One summer afternoon, after someone I care about ended our relationship, I went to a friend’s garden and gathered a heap of fresh basil to take home.  On the way I stopped at the market for ripe local tomatoes, garlic and an assortment of nuts.  I thought to myself, I’ve been wanting to make pesto, brushetta and Ina Garten’s chipotle and rosemary spiced nuts for a while now, that’s what I’ll do today. I could tell he was uncompromising this time.  It’s really over.  All the private history: the long tails of grief, tears, unprompted smiles, discoveries, tedious ho and hum, then the ambivalence, from both ends —it’s over and done with, fini. Things got in the way and we didn’t recover, like we thought we would. I wanted us to stay invincible. He reminded me that everyone is vulnerable. I turned on music when I got home. Adele. As a bonus Madeleine Peyroux shows up in that mix.  (It’s a “smart mix” from my iTunes library, and it picks up the “adele” in Ms.

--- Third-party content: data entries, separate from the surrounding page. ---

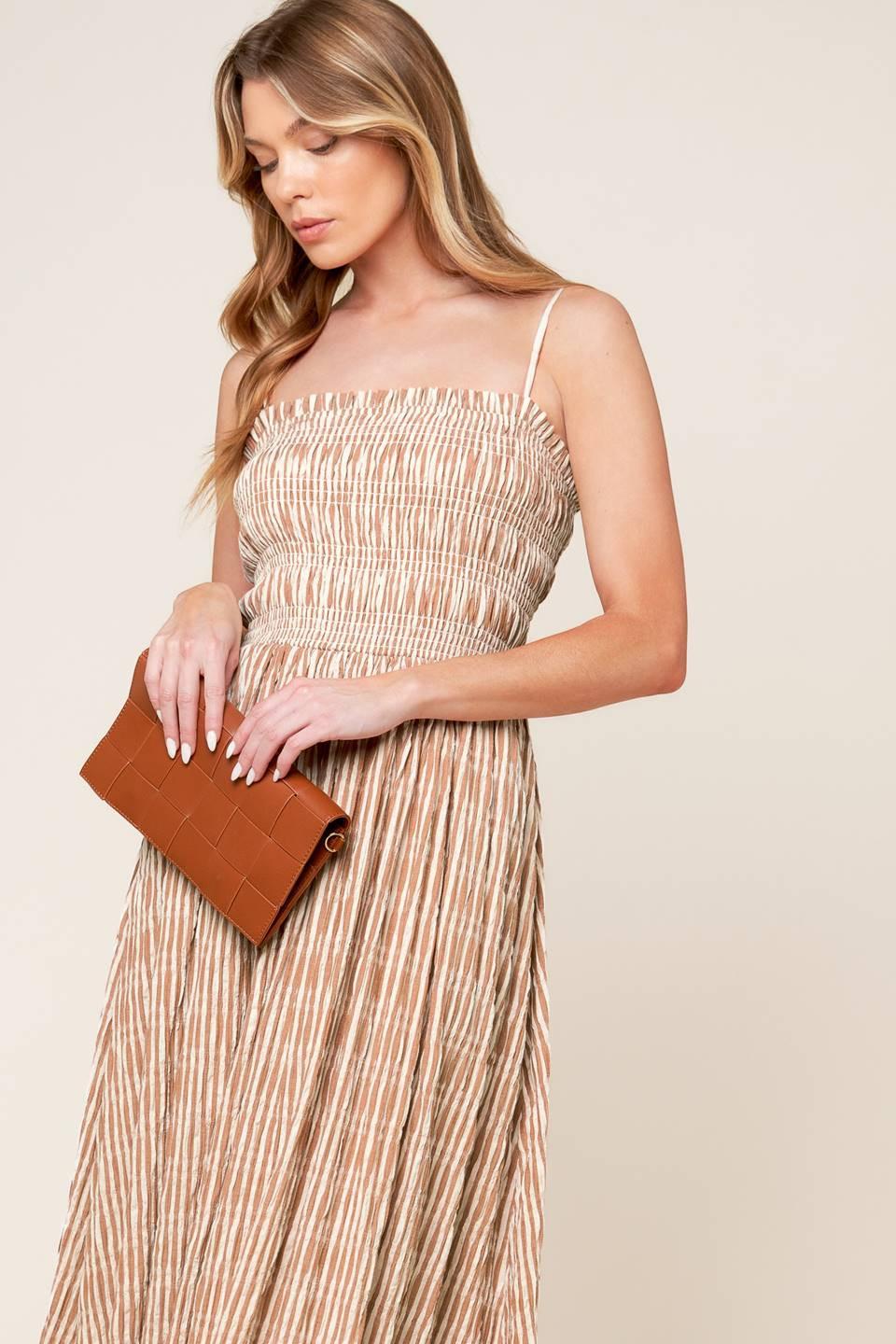 Valhalla Brown Striped Woven Midi Dress in ivory, view 2 — Soul Flow Apparel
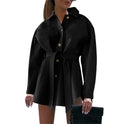 V-neck Button Lace Ladies Woolen Coat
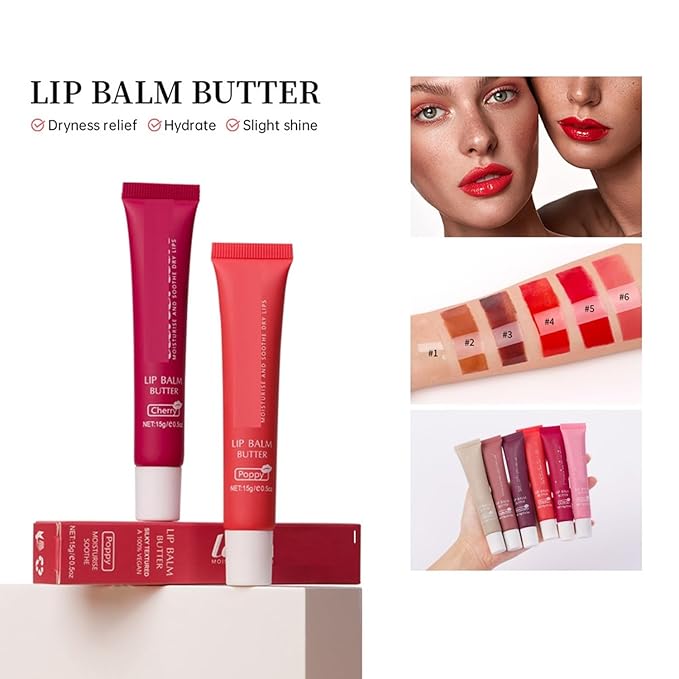 6 Color Hydrating Lip Butter Balm, Moisturizing Lip Repair, Lightweight Nourished Lip Glossy Christmas for Women (03 Brown Sugar)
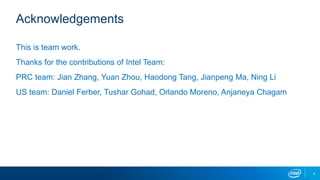 4
Acknowledgements
This is team work.
Thanks for the contributions of Intel Team:
PRC team: Jian Zhang, Yuan Zhou, Haodong Tang, Jianpeng Ma, Ning Li
US team: Daniel Ferber, Tushar Gohad, Orlando Moreno, Anjaneya Chagam
 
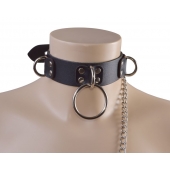 Черный кожаный ошейник Big Ring - Sitabella - купить с доставкой в Сызрани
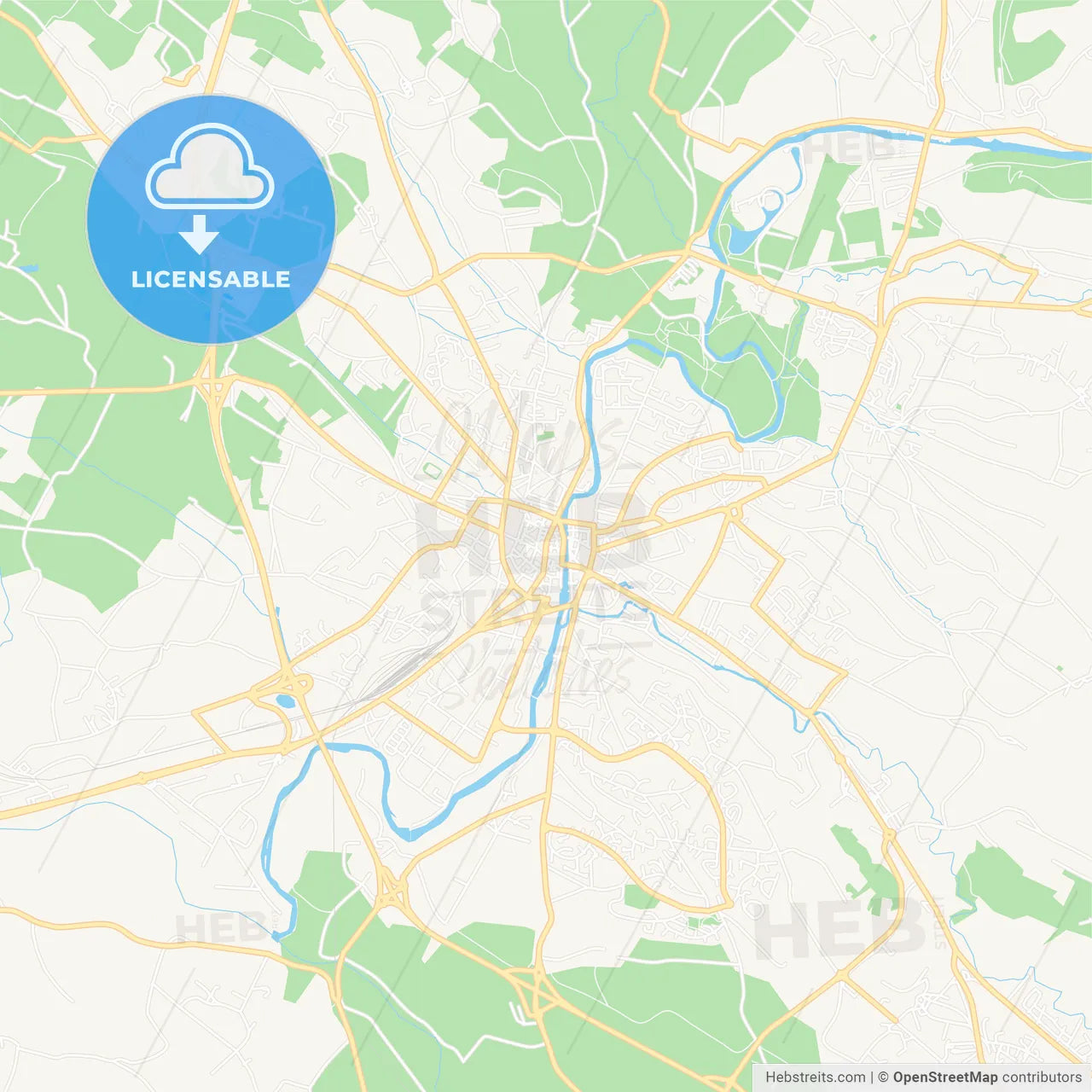 Castres, France Vector Map - Classic Colors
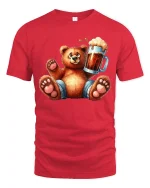 Funny Bear Holding Beer Art T Shirt With Chill Party Vibes - red t-shirt on white background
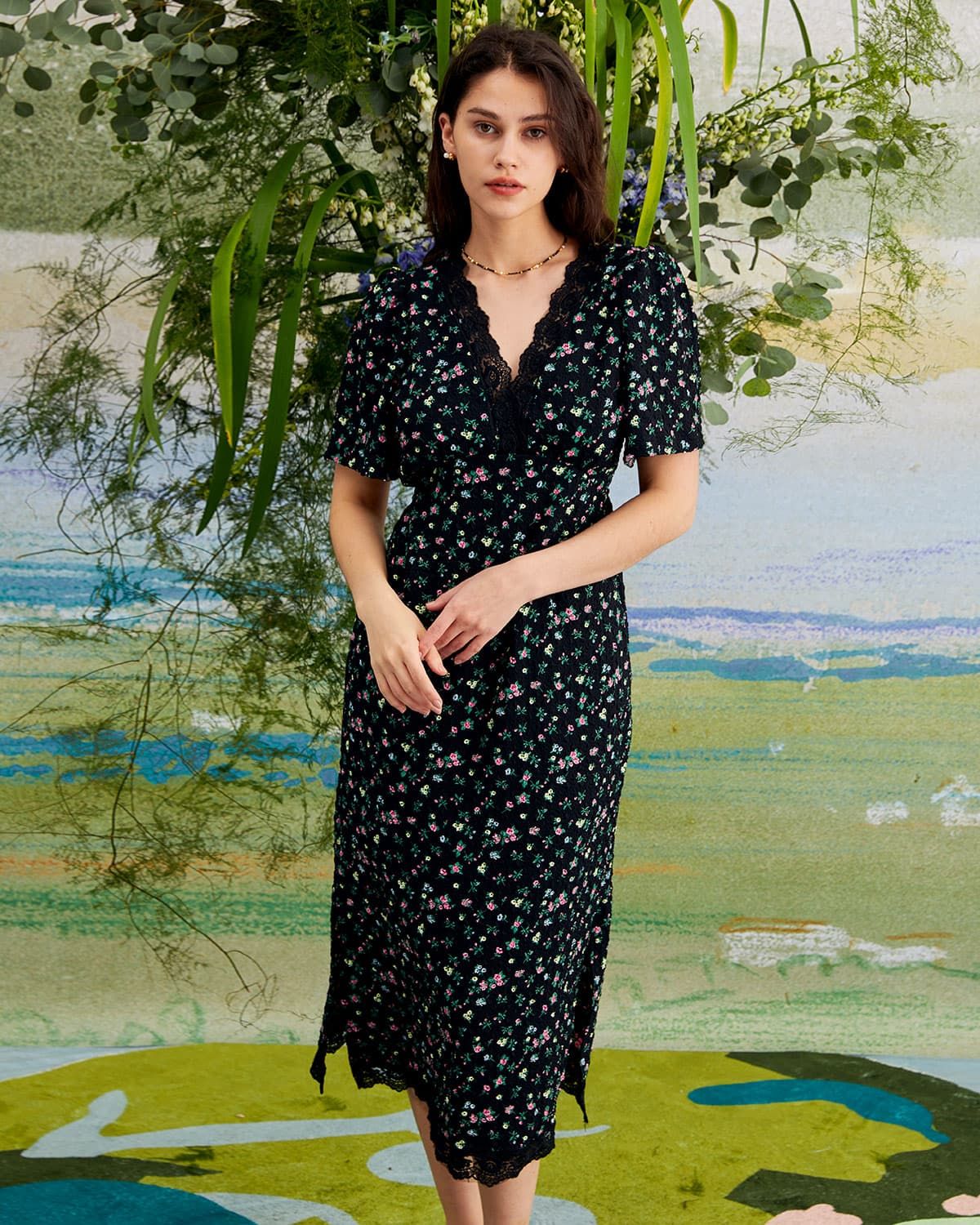 The Black V Neck Lace Floral Print Midi Dress sold by rihoas product image thumbnail 5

Peyroux’s name.)  I simmered the garlic while I diced my tomatoes and sprinkled them with sea salt. The basil’s scent wafted through my kitchen, a deep olfactory pleasure, like warm linens straight out of the dryer. I’m quietly aware that I’m drowning out a realization by stimulating three of my five senses: taste, smell and sound.  Four if you count sight.  I had a vase of fresh-cut roses on my working countertop.  All that was missing was touch. 

I went out with friends that night.  I floated in and out of the stories and the laughter, feeling like a modern-day vagabond on the outside looking in, or inside looking out.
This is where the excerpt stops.